La Guyane se distingue notamment par la beauté de son artisanat, dû à la diversité des communautés qui la composent. Sculpture, arts graphiques, vannerie, couture, bijouterie, poterie des Bushinengués, Hmongs, Créoles ou Amérindiens rivalisent d’originalité. Le patrimoine du territoire est aussi riche de son architecture, avec les maisons créoles, les carbets traditionnels ou… les vestiges des constructions pénitentiaires. Carrefour de cultures, la Guyane est une terre de musiques et de danses aux identités multiples : caribéennes, afro-cubaines et brésiliennes, amérindiennes, de carnaval… Parmi ses musiciens les plus célèbres, citons les chanteurs et guitaristes Henri Salvador (1917-2008) et Chris Combette, le saxophoniste Gaston Lindor, la regrettée Edith Lefel, partie trop tôt (1963-2003), et l’interprète de zouk Fanny J.
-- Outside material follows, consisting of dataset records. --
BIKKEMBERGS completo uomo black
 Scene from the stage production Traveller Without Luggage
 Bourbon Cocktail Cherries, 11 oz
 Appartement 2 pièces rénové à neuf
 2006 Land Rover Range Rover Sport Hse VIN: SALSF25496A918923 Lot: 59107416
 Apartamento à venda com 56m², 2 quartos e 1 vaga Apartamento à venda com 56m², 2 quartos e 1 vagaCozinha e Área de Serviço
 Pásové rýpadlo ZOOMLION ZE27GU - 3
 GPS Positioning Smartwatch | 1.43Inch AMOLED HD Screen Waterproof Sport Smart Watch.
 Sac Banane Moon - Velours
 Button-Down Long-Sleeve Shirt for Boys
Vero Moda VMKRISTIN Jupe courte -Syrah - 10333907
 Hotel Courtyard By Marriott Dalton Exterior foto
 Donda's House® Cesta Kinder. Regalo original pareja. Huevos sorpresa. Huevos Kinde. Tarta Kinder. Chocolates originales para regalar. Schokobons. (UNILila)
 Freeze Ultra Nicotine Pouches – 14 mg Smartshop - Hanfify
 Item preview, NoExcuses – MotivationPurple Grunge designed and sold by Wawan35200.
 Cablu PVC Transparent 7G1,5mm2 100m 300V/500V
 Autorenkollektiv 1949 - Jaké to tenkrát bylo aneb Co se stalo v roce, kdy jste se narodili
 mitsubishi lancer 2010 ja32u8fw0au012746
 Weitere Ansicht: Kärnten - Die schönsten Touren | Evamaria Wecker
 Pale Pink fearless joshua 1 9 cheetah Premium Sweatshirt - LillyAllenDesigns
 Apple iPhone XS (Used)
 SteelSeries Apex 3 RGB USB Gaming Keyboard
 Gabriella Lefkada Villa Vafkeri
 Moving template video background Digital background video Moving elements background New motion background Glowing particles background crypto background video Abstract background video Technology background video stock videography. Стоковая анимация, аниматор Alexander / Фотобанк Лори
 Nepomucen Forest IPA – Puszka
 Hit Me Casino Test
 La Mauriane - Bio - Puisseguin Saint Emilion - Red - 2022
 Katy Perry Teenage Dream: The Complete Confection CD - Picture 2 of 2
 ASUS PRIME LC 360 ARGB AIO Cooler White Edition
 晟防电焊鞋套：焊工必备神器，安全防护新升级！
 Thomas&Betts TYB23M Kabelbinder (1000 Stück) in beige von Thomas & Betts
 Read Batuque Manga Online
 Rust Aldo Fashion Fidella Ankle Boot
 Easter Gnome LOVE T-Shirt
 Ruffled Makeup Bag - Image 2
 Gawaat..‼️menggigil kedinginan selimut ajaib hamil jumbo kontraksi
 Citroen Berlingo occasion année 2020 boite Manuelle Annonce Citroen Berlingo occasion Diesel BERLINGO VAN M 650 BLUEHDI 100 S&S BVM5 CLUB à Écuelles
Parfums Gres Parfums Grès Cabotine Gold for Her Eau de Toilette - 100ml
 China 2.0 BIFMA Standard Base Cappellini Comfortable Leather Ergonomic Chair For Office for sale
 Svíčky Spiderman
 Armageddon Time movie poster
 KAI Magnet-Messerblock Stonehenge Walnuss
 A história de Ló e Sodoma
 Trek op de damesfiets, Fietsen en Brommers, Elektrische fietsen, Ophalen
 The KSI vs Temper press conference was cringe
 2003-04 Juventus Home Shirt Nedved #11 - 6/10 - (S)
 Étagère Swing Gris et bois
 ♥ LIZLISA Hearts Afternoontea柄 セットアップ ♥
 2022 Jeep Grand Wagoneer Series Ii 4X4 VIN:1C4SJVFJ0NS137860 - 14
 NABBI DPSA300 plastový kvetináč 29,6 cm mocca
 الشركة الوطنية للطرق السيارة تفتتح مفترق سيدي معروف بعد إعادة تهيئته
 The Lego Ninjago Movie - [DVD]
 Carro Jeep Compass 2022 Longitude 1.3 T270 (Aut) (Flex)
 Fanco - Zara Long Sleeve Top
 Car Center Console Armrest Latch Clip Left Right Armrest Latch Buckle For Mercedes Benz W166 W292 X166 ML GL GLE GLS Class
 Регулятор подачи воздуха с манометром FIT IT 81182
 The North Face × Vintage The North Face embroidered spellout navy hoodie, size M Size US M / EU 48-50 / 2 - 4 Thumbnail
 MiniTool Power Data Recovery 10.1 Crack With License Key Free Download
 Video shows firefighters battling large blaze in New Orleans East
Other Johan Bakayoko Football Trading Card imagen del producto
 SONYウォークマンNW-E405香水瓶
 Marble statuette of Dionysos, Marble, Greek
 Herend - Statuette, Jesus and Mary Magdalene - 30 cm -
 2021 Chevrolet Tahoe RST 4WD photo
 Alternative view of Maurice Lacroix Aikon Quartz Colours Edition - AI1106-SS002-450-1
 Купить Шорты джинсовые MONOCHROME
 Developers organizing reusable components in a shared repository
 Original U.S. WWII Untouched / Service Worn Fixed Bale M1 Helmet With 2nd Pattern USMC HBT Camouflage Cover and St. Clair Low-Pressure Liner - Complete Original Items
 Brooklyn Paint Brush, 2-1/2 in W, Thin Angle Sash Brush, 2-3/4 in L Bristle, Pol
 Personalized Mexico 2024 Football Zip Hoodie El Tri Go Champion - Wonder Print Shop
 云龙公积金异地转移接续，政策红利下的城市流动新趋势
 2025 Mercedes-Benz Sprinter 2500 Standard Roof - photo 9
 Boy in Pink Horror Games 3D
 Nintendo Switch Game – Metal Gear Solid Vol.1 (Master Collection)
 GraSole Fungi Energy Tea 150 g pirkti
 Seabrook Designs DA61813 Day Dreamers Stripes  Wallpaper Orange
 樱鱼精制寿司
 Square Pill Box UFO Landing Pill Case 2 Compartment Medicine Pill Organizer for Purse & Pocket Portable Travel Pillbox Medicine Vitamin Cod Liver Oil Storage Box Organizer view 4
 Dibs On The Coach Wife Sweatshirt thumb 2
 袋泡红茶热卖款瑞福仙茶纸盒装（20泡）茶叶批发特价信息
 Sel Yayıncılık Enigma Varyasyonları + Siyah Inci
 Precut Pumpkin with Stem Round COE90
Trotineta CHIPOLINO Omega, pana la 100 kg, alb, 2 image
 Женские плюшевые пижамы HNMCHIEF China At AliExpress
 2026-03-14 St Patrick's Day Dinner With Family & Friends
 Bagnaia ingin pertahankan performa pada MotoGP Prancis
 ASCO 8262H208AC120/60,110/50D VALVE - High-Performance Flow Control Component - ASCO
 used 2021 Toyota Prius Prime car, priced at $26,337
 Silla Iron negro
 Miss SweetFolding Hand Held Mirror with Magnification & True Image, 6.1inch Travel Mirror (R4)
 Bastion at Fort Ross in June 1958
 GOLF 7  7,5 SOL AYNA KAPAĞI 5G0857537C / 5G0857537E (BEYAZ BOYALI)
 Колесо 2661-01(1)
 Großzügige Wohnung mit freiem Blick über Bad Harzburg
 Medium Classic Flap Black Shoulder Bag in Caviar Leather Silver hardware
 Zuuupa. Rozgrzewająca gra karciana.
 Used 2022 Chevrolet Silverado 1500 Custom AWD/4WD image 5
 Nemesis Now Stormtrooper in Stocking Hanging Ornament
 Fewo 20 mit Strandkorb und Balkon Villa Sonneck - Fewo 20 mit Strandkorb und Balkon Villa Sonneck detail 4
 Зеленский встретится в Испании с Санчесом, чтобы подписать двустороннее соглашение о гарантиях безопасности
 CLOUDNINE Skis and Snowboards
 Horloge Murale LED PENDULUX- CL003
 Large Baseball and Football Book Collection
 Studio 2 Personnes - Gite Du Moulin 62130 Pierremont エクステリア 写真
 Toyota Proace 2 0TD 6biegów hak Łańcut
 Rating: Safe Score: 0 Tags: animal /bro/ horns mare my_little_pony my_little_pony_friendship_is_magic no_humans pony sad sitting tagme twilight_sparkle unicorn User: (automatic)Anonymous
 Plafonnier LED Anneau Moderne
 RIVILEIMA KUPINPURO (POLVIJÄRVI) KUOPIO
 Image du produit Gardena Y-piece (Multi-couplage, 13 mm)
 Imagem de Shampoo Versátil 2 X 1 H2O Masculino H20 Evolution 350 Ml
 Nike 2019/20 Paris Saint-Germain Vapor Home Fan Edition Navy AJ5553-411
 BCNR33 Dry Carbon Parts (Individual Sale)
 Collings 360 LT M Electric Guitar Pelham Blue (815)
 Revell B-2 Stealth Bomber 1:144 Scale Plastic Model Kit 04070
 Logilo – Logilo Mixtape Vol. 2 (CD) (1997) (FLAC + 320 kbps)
♦ Vidéo : écoutez Edith Lefel chanter « La sirène » avec le groupe Malavoi


Côté littérature, la Guyane n’est pas en reste avec René Maran (1887-1960), prix Goncourt pour son roman « Batouala » en 1921, et Léon-Gontran Damas (1912-1978), co-fondateur du mouvement de la négritude. Notons également le poète Elie Stephenson, Bertène Juminer et l’essayiste et ex-ministre de la Justice Christiane Taubira.

En sport, le territoire a fourni de grands champions comme Bernard Lama et Florent Malouda (football), Malia et Mehdy Metella (natation), ainsi que Tariq Abdul-Wahad (né Olivier Saint-Jean) et Kevin Séraphin (basket), ex-joueurs de la fameuse NBA américaine. En judo, la Guyanaise Lucie Décosse a connu une trajectoire exceptionnelle, avec un titre de championne Olympique en 2012, trois titres de championne du monde et quatre d’Europe, entre autres. De même, l’escrimeur Ulrich Robeiri, originaire de Cayenne, a été champion du monde individuel en 2014, et plusieurs fois champion du monde et champion olympique (2008) par équipe.